[THM] SOC Metrics and Objectives
This is a full walkthrough with answers and explanations for the TryHackMe room "SOC Metrics and Objectives".
Link to the room: https://tryhackme.com/room/socmetricsobjectives.
[Task 2] Core Metrics
| Metric | Formula | Measures |
|---|---|---|
| Alerts Count | AC = Total Count of Alerts Received | Overall load of SOC analysts |
| False Positive Rate | FPR = False Positives / Total Alerts | Level of noise in the alerts |
| Alert Escalation Rate | AER = Escalated Alerts / Total Alerts | Experience of L1 analysts |
| Threat Detection Rate | TDR = Detected Threats / Total Threats | Reliability of the SOC team |
Is zero alerts for one month a good sign for your SOC team? (Yea/Nay)
1
Nay
Too low count of alerts may indicate an issue in the SIEM or lack of visibility, leading to undetected breaches.
What is the False Positive Rate if only 10 out of 50 alerts appear to be real threats?
1
80%
TDR = Detected Threats / Total Threats
- 50 Total Threats where 10 are real threats, so we have 40 false positives.
- TDR = 40 Detected Threats / 50 Total Threats =
80%
[Task 3] Triage Metrics
| Metric | Common SLA | Description |
|---|---|---|
| SOC Team Availability | 24/7 | Working schedule of the SOC team, often Monday-Friday (8/5) or 24/7 mode |
| Mean Time to Detect (MTTD) | 5 minutes | Average time between the attack and its detection by SOC tools |
| Mean Time to Acknowledge (MTTA) | 10 minutes | Average time for L1 analysts to start triage of the new alert |
| Mean Time to Respond (MTTR) | 60 minutes | Average time taken by SOC to actually stop the breach from spreading |
Imagine a scenario where the SOC team receives a critical alert on Saturday.
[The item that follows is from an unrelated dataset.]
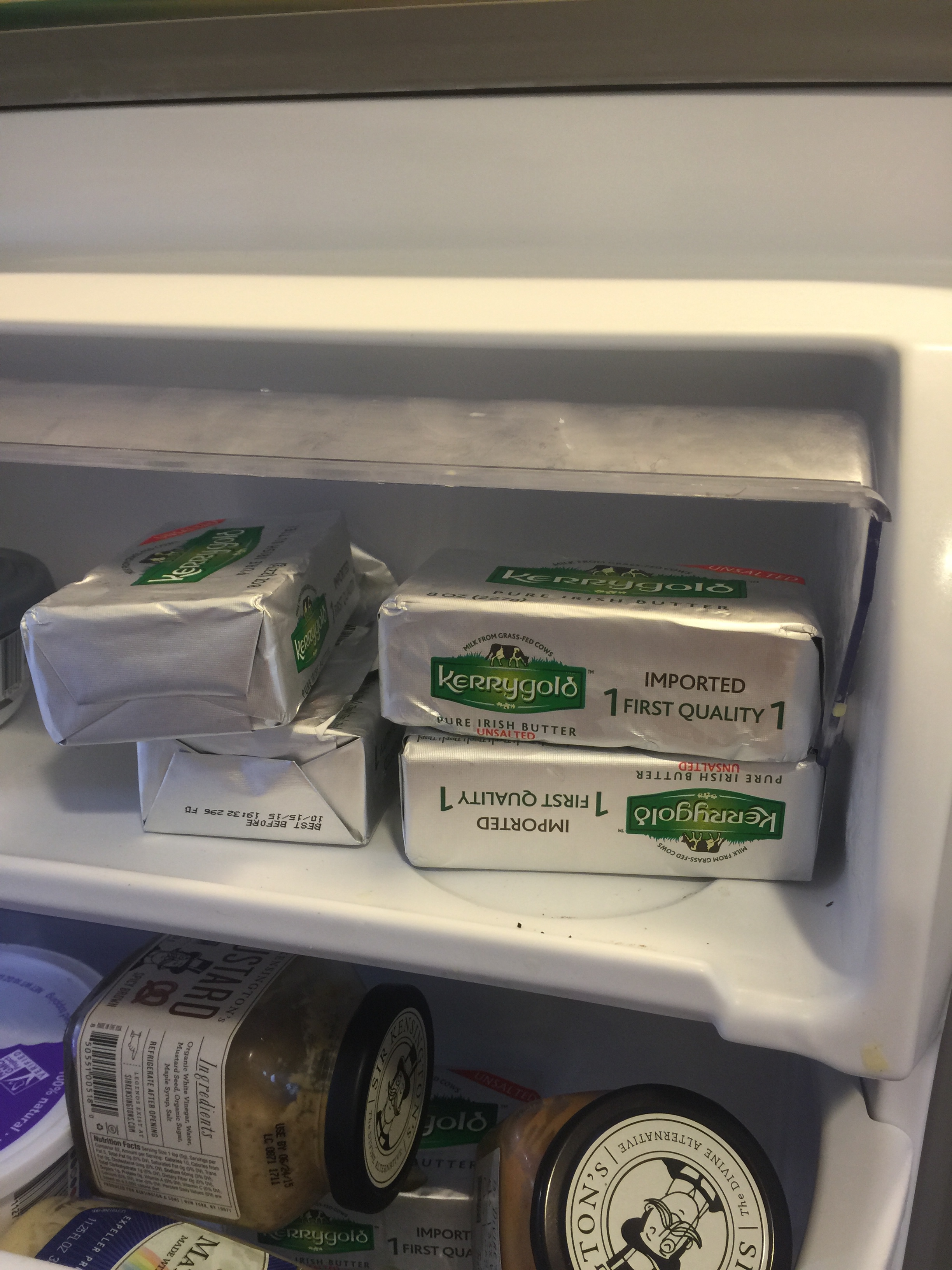 You just can't have too much butter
If the team works 8/5, on which day of the week will they acknowledge the alert?
1
Monday
Monday will be the first day after Saturday in 8/5 work time.
Imagine a scenario where an employee was lured into running data stealer malware.
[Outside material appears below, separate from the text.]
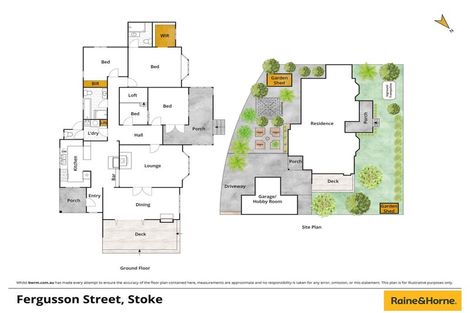 Photo of property in 9 Fergusson Street, Stoke, Nelson, 7011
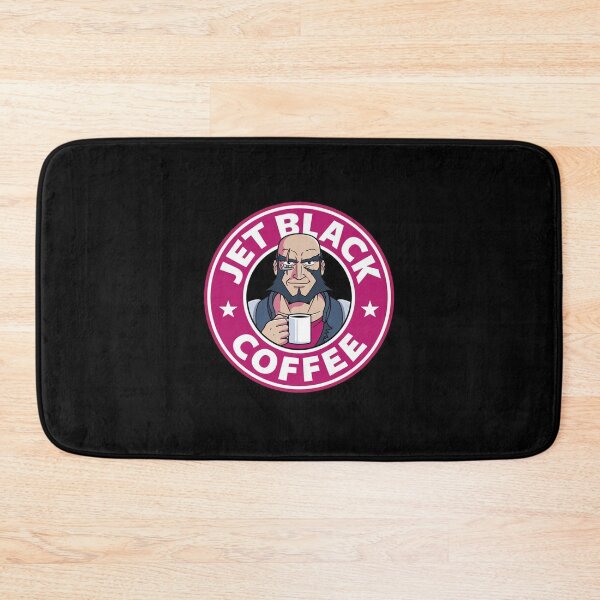 Item preview, Jet Black Coffee designed and sold by LyBaoAnh.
- The SOC team received the “Connection to Redline Stealer C2” alert after 12 minutes.
- One of the L1 analysts on shift moved the alert to In Progress 10 minutes later.
- After 6 minutes, the alert was escalated to L2, who spent 35 minutes cleaning the malware.
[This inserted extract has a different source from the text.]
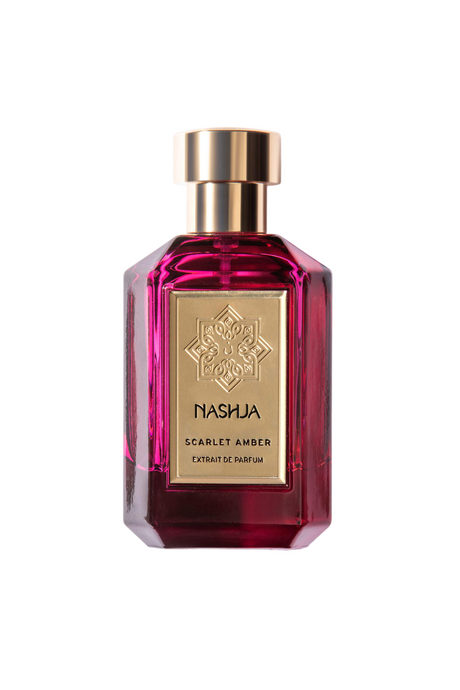 Nashja, Scarlet Amber, Extrait De Parfum, Unisex, 100 ml - Feel You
Provide the MTTD, MTTA, and MTTR via comma as your answer (e.g. 10,20,30).
1
12,10,51
MTTD = 12 min, MTTA = 10 min, MTTR = 10 min + 6 min + 35 min = 51 min
[Task 4] Improving Metrics
| Issue | Recommendations |
|---|---|
| False Positive Rate over 80% | Your team receives too much noise in the alerts. Try to: |
| 1. Exclude trusted activities like system updates from your EDR or SIEM detection rules | |
| 2. Consider automating alert triage for most common alerts using SOAR or custom scripts | |
| Mean Time to Detect over 30 min | Your team detects a threat with a high delay. Try to: |
| 1. Contact SOC engineers to make the detection rules run faster or with a higher rate | |
| 2. Check if SIEM logs are collected in real-time, without a 10-minute delay | |
| Mean Time to Acknowledge over 30 min | L1 analysts start alert triage with a high delay. Try to: |
| 1. Ensure the analysts are notified in real-time when a new alert appears | |
| 2. Try to evenly distribute alerts in the queue between the analysts on shift | |
| Mean Time to Respondover 4 hours | SOC team can’t stop the breach in time. Try to: |
| 1. As L1, make everything possible to quickly escalate the threats to L2 | |
| 2. Ensure your team has documented what to do during different attack scenarios |
What is the False Positive Rate limit you should aim not to reach?
1
80%
When false positive rate hits over 80% you should consider to try automating alert triage, or exclude trusted activities from your EDR or SIEM detection rules.
Should all SOC roles work together to keep metrics improving? (Yea/Nay)
1
Yea
Metrics are often used to evaluate your performance, and good results lead to career growth and a raise to more senior positions like L2 analyst.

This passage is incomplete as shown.